Filed Pursuant to Rule 424(b)(3)
Registration Nos. 33-55787 and 33-64179
PRICING SUPPLEMENT NO. 24, dated July 9, 1997
(To Prospectus dated January 23, 1997, and
Prospectus Supplement dated June 9, 1997)
(CUSIP No. 17120Q ZH7)
$2,500,000,000
Chrysler Financial Corporation
Medium-Term Notes, Series Q
Floating Rate Notes
Due 9 Months or More From Date of Issue
Principal Amount: $55,000,000
Issue Price: 100%
Calculation Agent: First Trust of New York, National Association
Original Issue Date: July 16, 1997
Stated Maturity: July 17, 2000
Initial Interest Rate: to be determined on July 14, 1997
Specified Currency: U.S. Dollars
(If other than U.S. Dollars, see attachment hereto)
Option to Receive Payments in Specified Currency: [ ] Yes [ ] No
(Applicable only if Specified Currency is other than U.S. Dollars)
Authorized Denominations:
(Applicable only if Specified Currency is other than U.S. Dollars)
Base Rate:
[ ] Commercial Paper Rate [ ] LIBOR [ ] Treasury Rate [ ] CD Rate
[ ] Federal Funds Rate [ ] Prime Rate [X] Other (see attachment
hereto)
if LIBOR, Designated Page: [ ] Reuters Page [ ] Telerate Page
if LIBOR, Index Currency: U.S. Dollars
Interest Reset Period: quarterly
Interest Reset Dates: two Business Days before the following
Interest Payment Dates
Interest Payment Period: quarterly
Interest Payment Dates: the 17th day of January, April, July and October,
commencing October 17, 1997
Index Maturity: two years
Spread (+/-): +.02
Spread Multiplier: n/a
Maximum Interest Rate: n/a
Minimum Interest Rate: n/a
Redemption: [X] The Notes cannot be redeemed prior to maturity.
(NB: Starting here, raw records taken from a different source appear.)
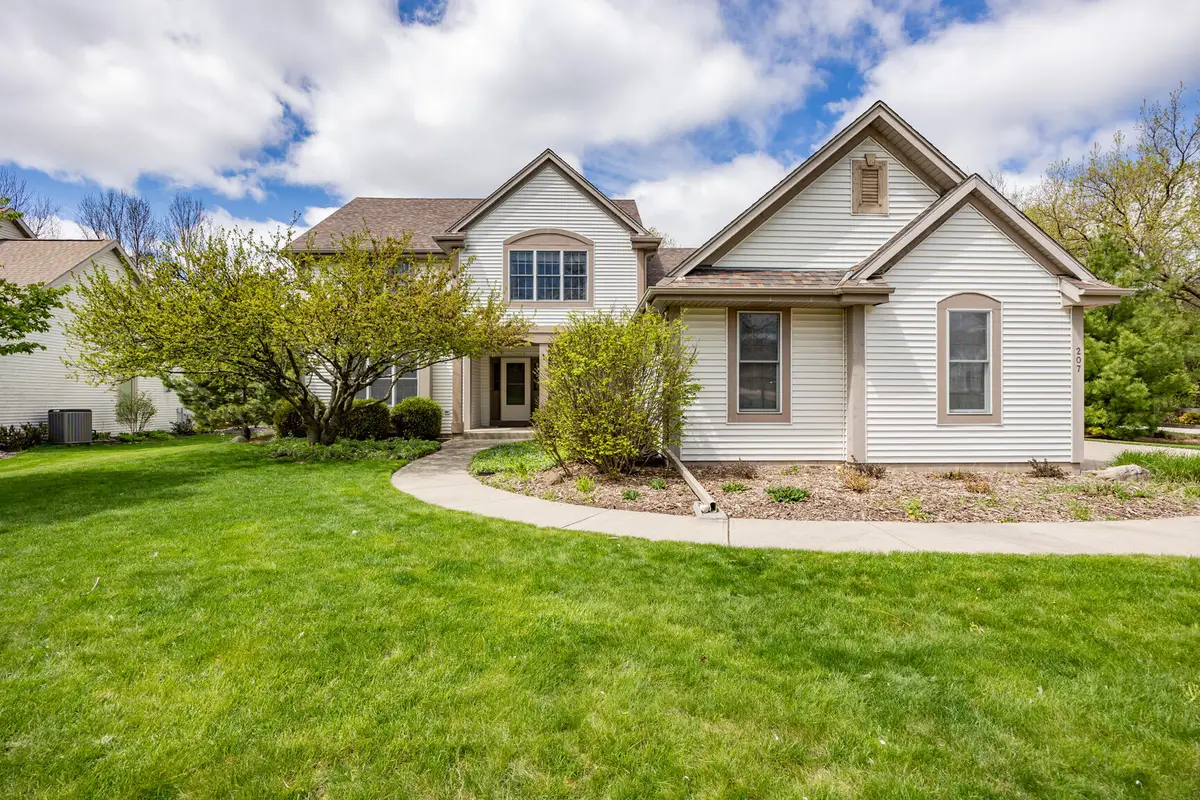 207 Woodlands Ct, Hartland, WI 53029 - #1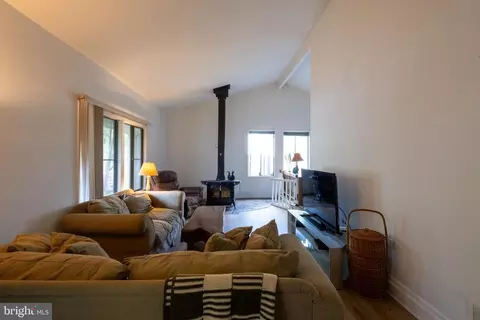 Living - 112 Biscayne Ct, Sterling, VA 20164 photo 6 of 6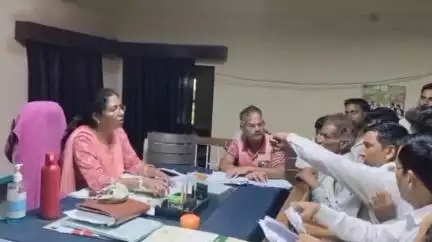 राजाखेड़ा: सार्वजनिक पोखर पर अतिक्रमण से बढ़ी परेशानी, ग्रामीणों ने तहसीलदार को ज्ञापन देकर कार्रवाई की मांग की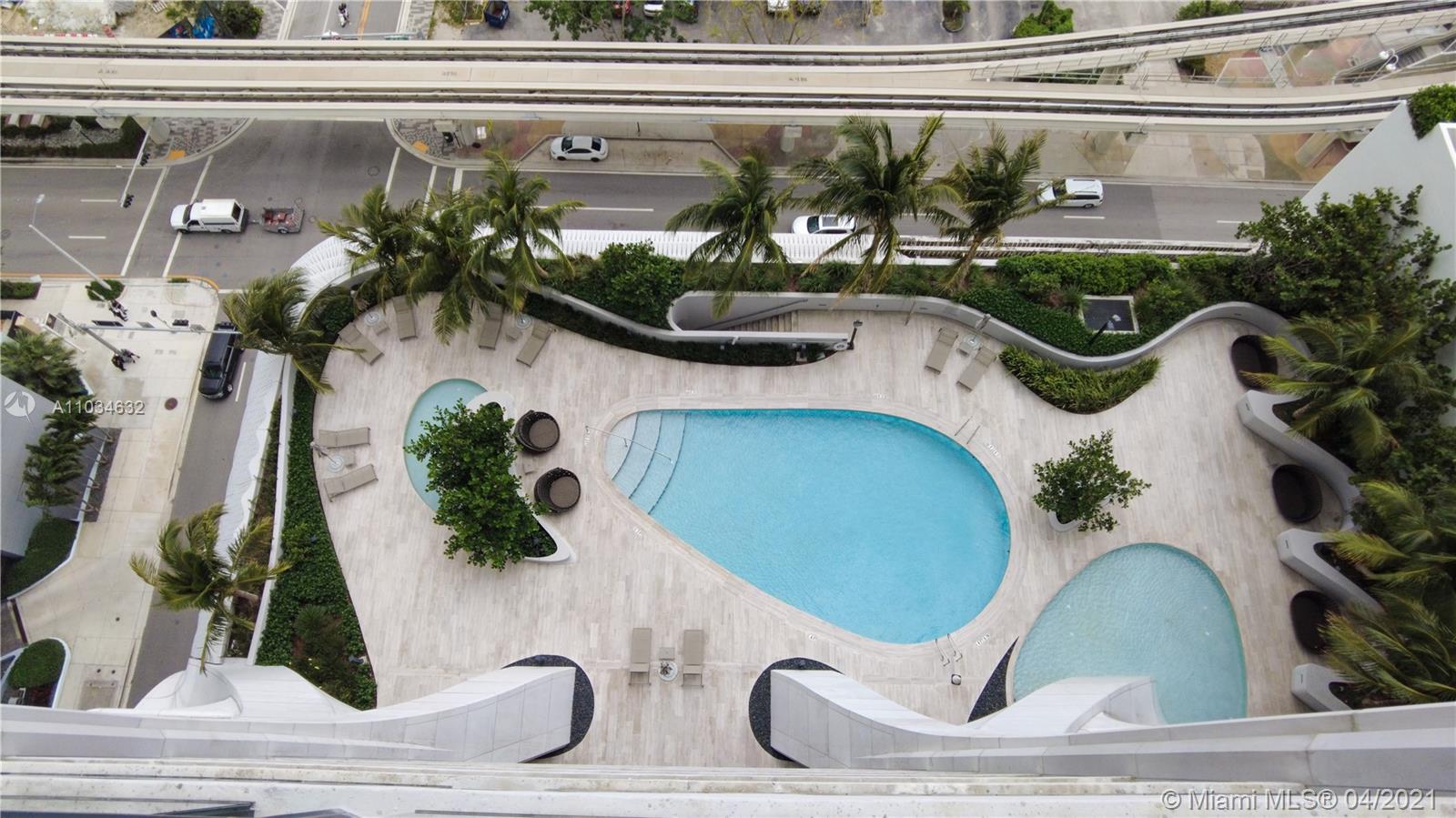 ONE THOUSAND MUSEUM CONDO - Residential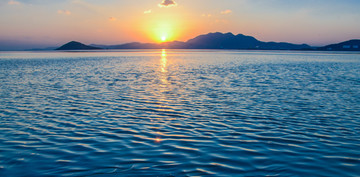 日出 朝霞 晨曦 湖面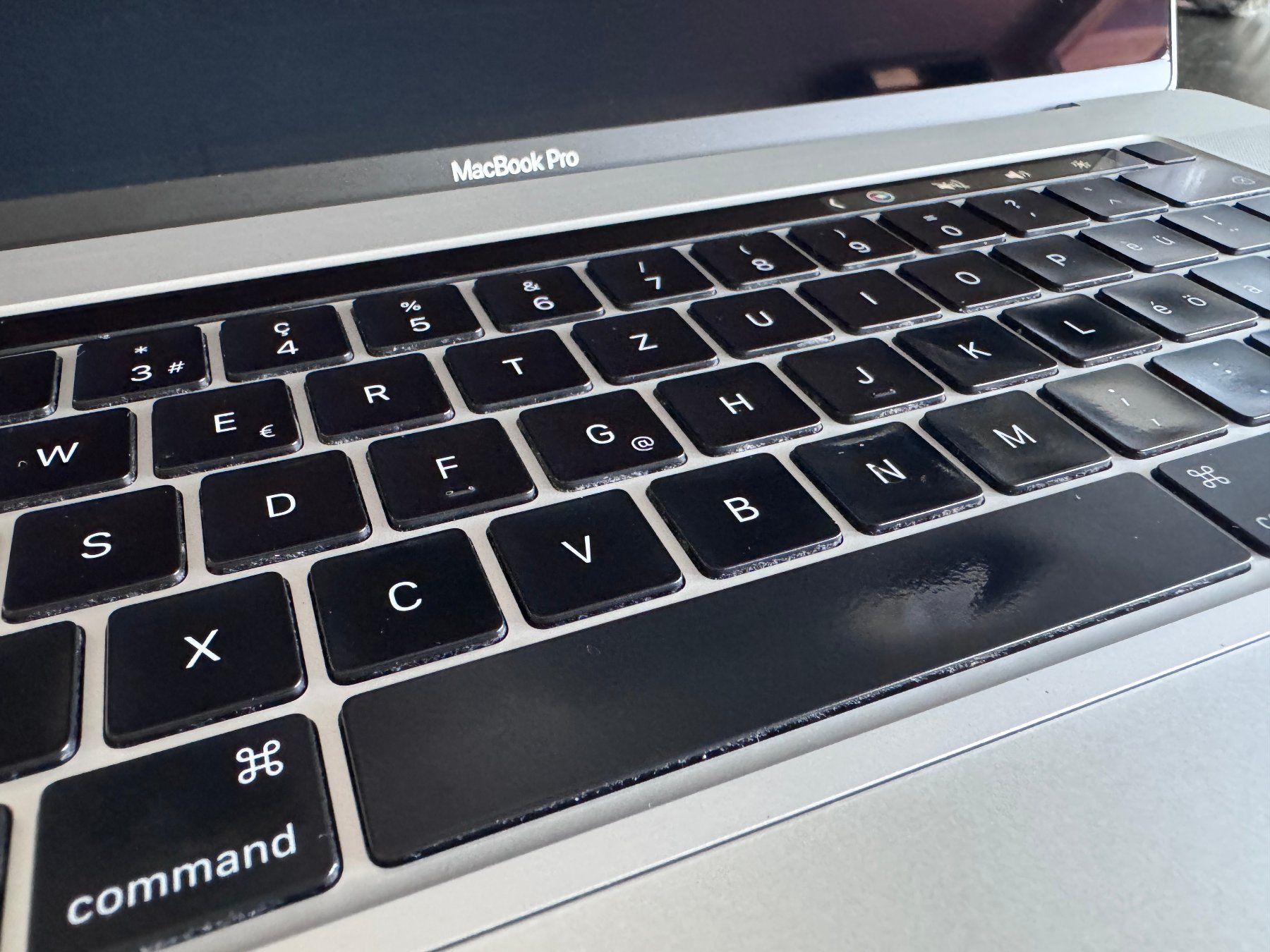 Apple Portables: MacBook Pro 16 (2020) 32 GB, 2.3 GHz, 2 TB SSD – D'occasion à Uster par pelituster 4
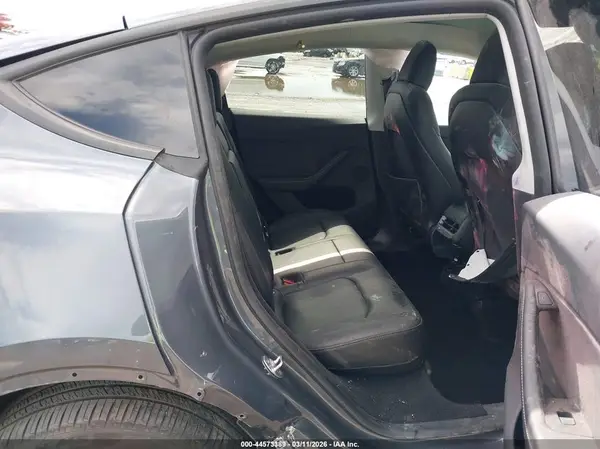 7SAYGDEE6PA190098 2023 TESLA MODEL Y - Image 8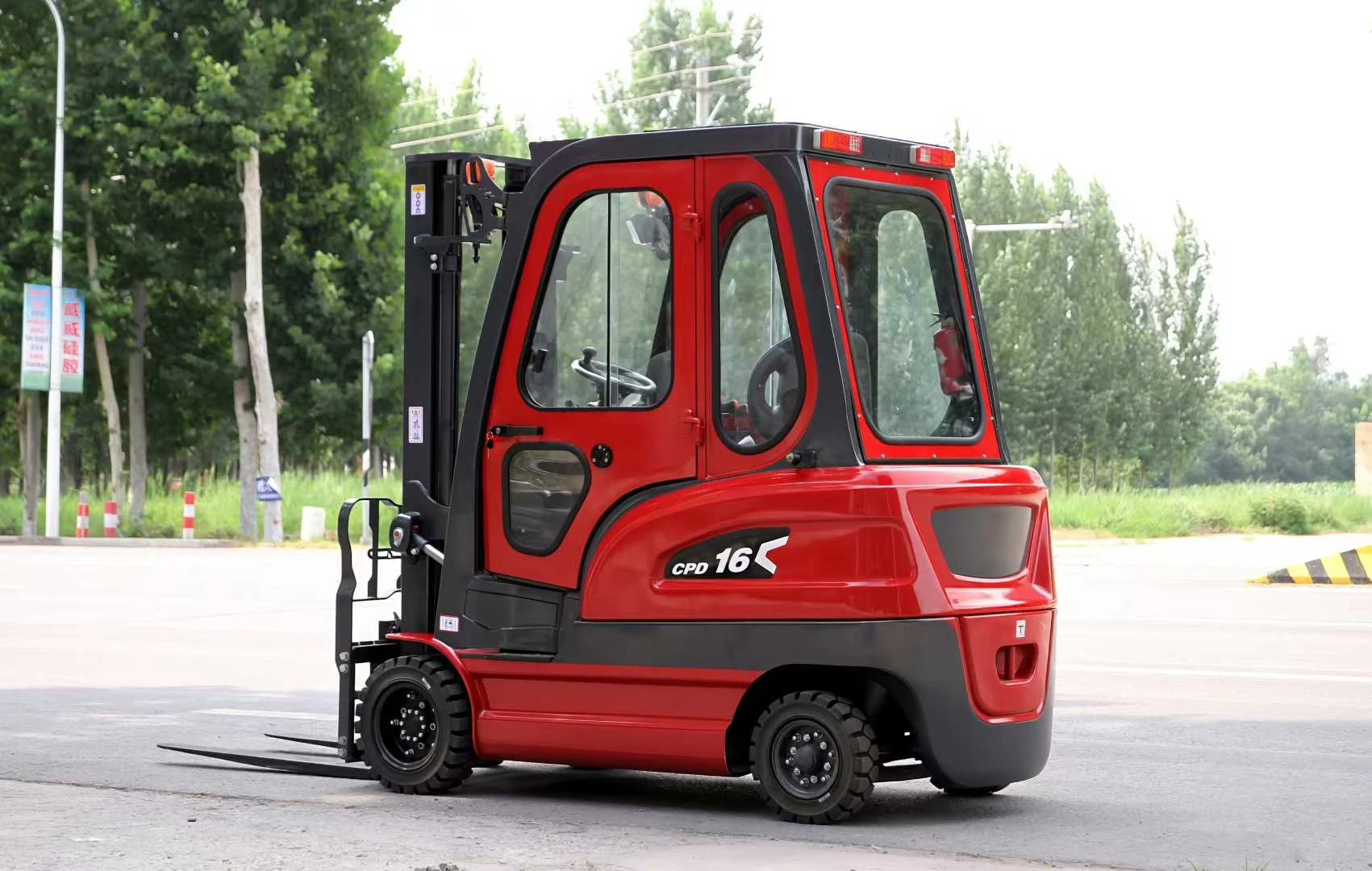 Deling CPD-16 electric forklift with enclosed cab
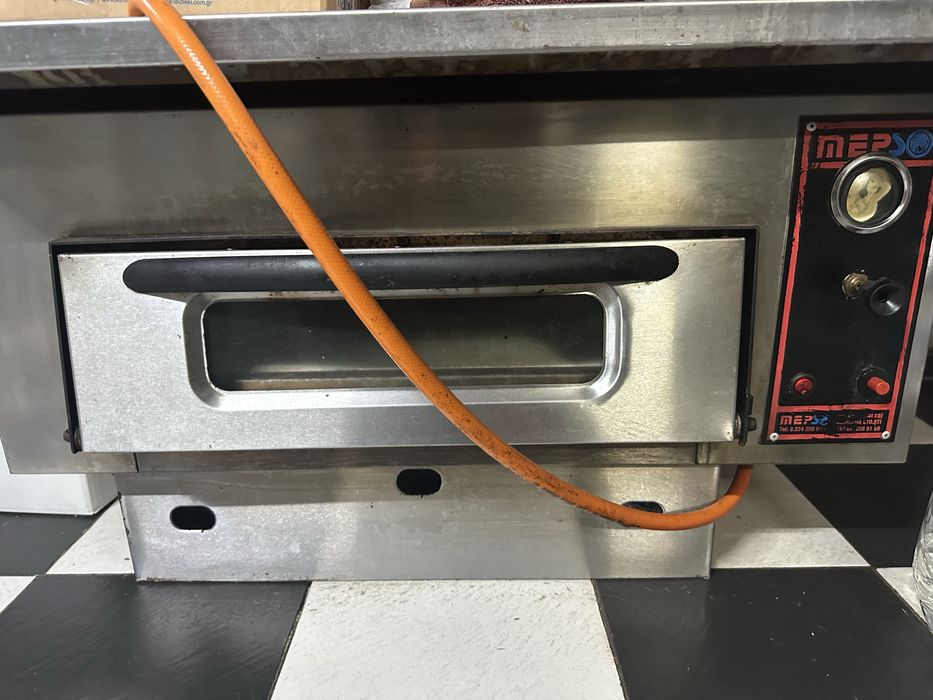 Пицарска фурна MERSO ,комбинирана газ и ток.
[ ] The Notes may be redeemed prior to maturity.
Initial Redemption Date:
The Redemption Price shall initially be % of the principal amount of the
Notes to be redeemed and shall decline at each anniversary of the initial
Redemption Date by % of the principal amount to be redeemed until the
Redemption Price is 100% of such principal amount.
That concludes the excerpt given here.